Douglas A. McIntyre is the co-founder, chief executive officer and editor in chief of 24/7 Wall St. and 24/7 Tempo. He has held these jobs since 2006.

McIntyre has written thousands of articles for 24/7 Wall St. He is an expert on corporate finance, the automotive industry, media companies and international finance. He has edited articles on national demographics, sports, personal income and travel.

His work has been quoted or mentioned in The New York Times, The Wall Street Journal, Los Angeles Times, The Washington Post, NBC News, Time, The New Yorker, HuffPost USA Today, Business Insider, Yahoo, AOL, MarketWatch, The Atlantic, Bloomberg, New York Post, Chicago Tribune, Forbes, The Guardian and many other major publications.

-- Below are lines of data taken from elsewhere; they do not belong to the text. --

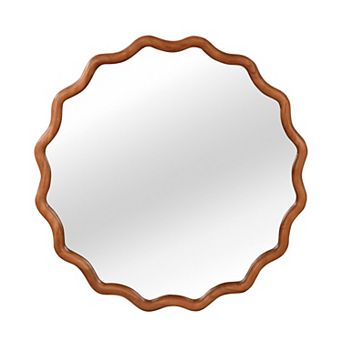 TOEMOA Wavy Round Solid Wood Frame Decorative Mirror for Wall Decor
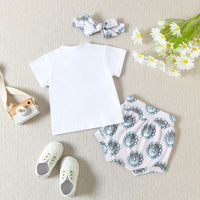 Load image into Gallery viewer, 3 Pieces Set Baby Girls Letters T-Shirts Cartoon Print Shorts And Bow Headwear Wholesale 230407514

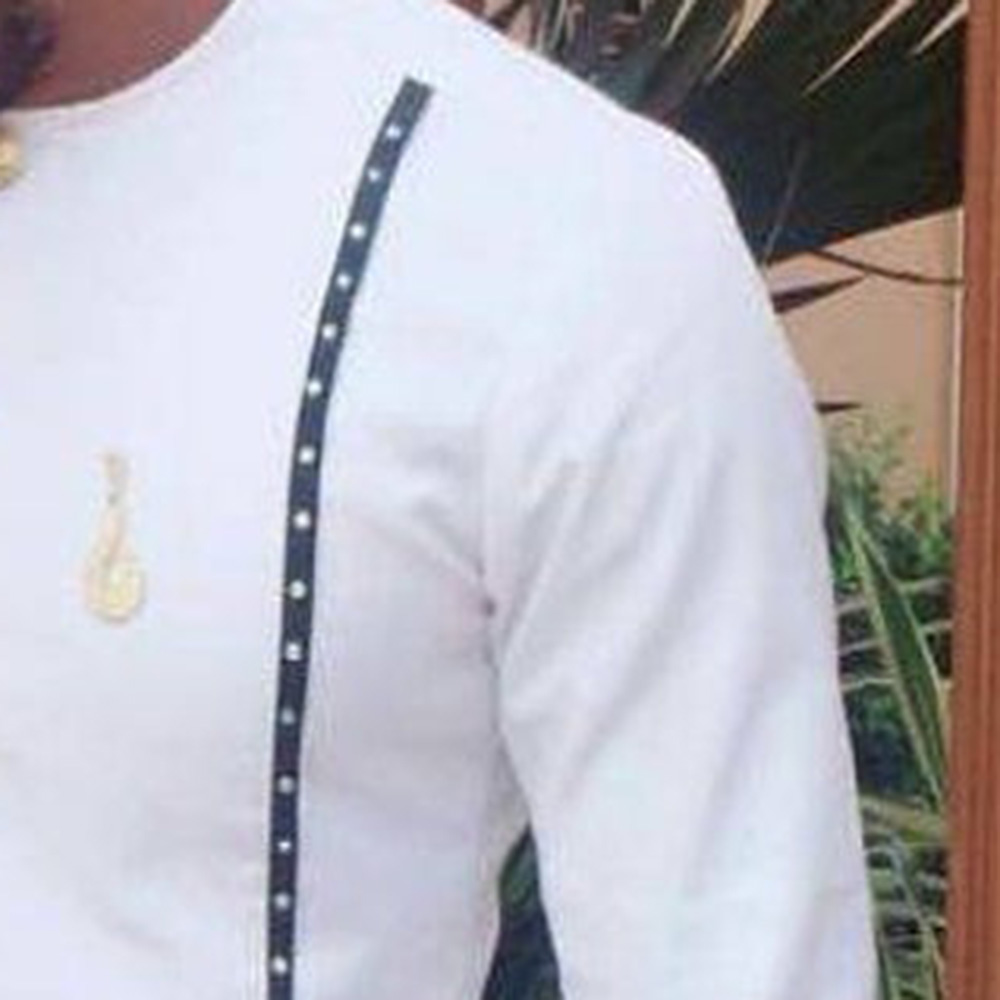 African Fashion Patchwork Dashiki Print Color Block Long Sleeve Slim Fit Men's T-shirt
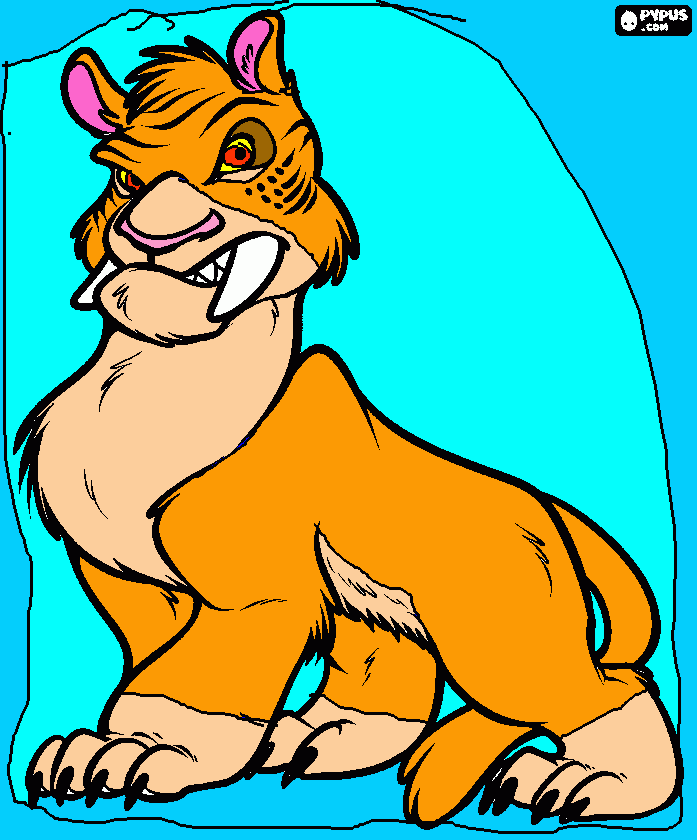 The green tiger, a saber-tooth tiger from Croods coloring page coloring page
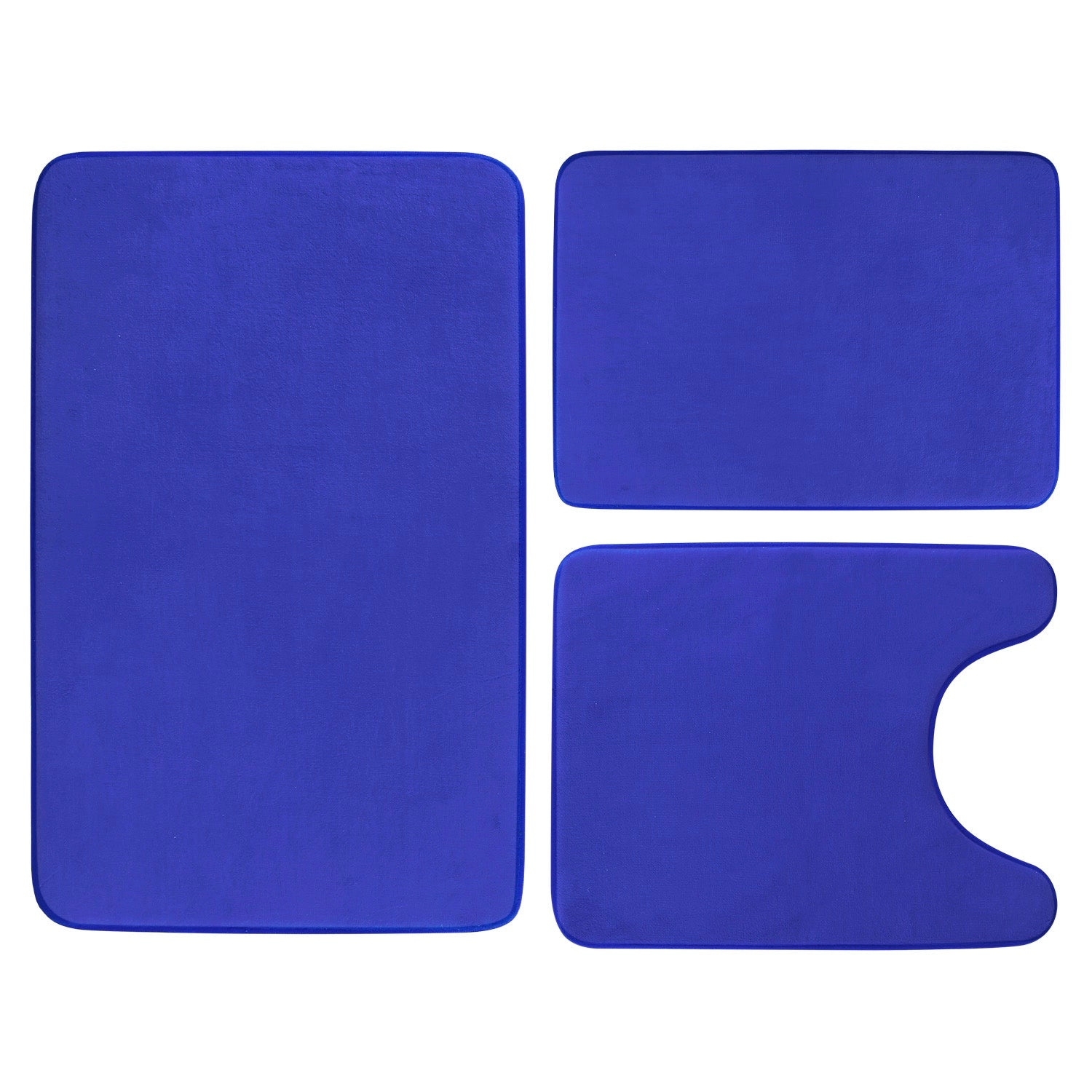 GBruno 3-Piece Plush Velvet Bathroom Rug Set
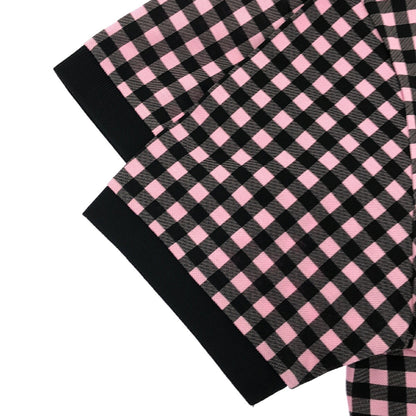 PRADA Pink Gingham Triangle Logo Polo UJM730 Size M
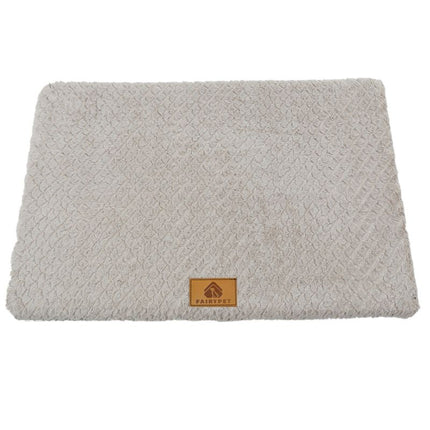 Silver-gray XL size Pet Dog Bed Mat - Plush Short Fur Cover with Wave Foam Padding - Washable Removable Cover, Non-Slip Base, Warm Winter Cushion for Dogs and Cats, Multiple Sizes
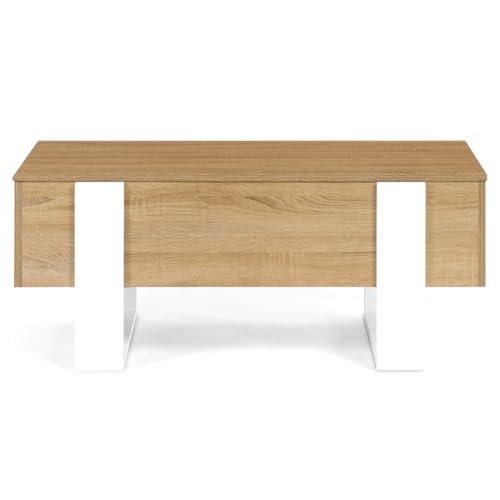 Table basse relevable Phoenix gain de place avec coffre de rangement fermé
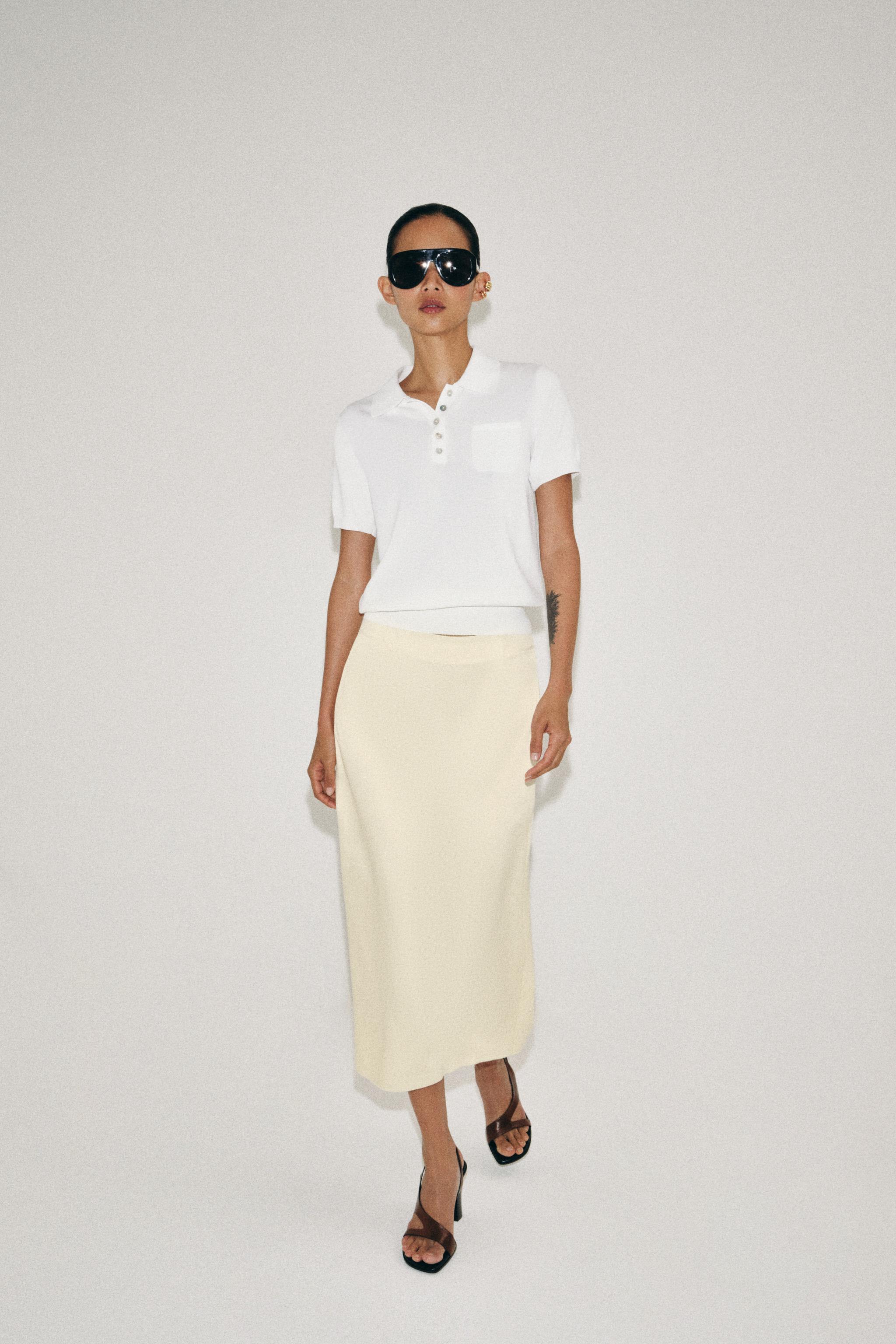 Юбка-карандаш миди ZW COLLECTION — ZARA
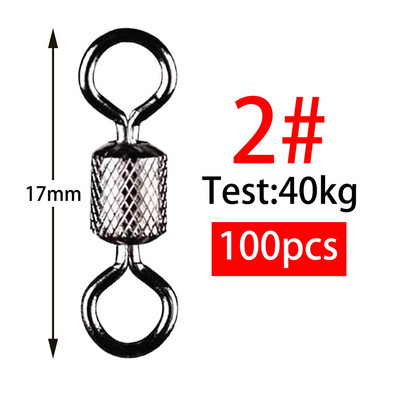 100 tk Pööratav püügikang 1#-14# Suurused Täisühendusega kuullaager Snap Fishing Pöördrattad Roostevabast terasest veerevad helmed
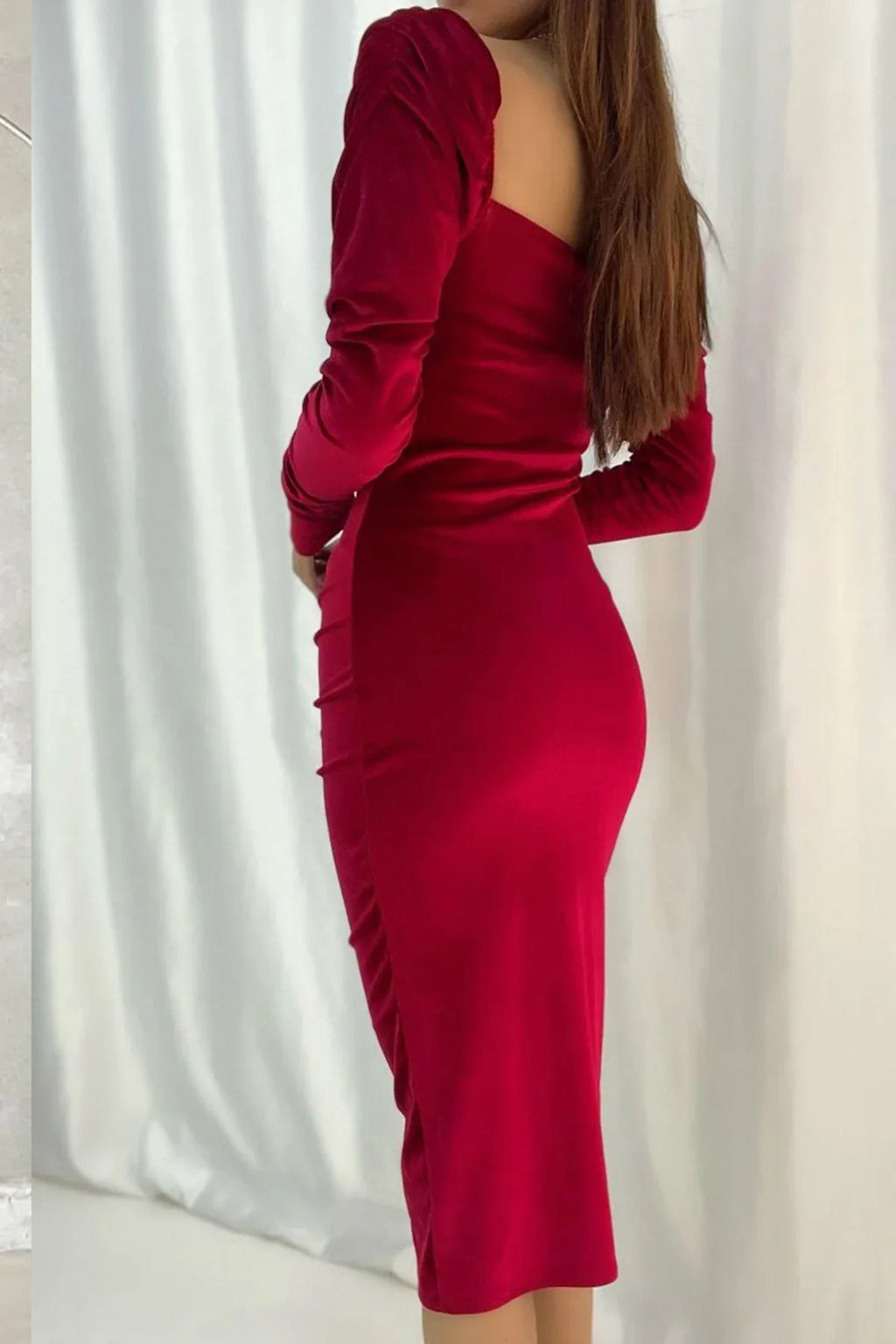 Kadın Kırmızı Kalp Yaka Drapeli Kadife Yeni Sezon Abiye Elbise - Elbise Delisi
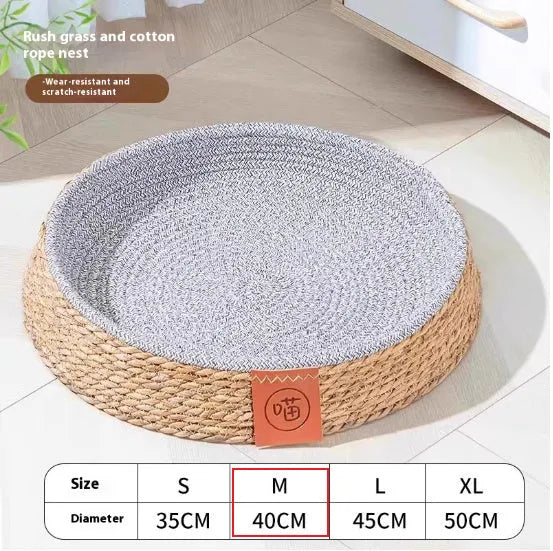 Rattan woven cat nest bed for pets, shown in size L for large cats.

McIntyre has been a guest on CNBC, the BBC and television and radio stations across the country.

A magna cum laude graduate of Harvard College, McIntyre also was president of The Harvard Advocate. Founded in 1866, the Advocate is the oldest college publication in the United States.

TheStreet.com, Comps.com and Edgar Online are some of the public companies for which McIntyre served on the board of directors. He was a Vicinity Corporation board member when the company was sold to Microsoft in 2002. He served on the audit committees of some of these companies.

McIntyre has been the CEO of FutureSource, a provider of trading terminals and news to commodities and futures traders. He was president of Switchboard, the online phone directory company. He served as chairman and CEO of On2 Technologies, the video compression company that provided video compression software for Adobe’s Flash. Google bought On2 in 2009.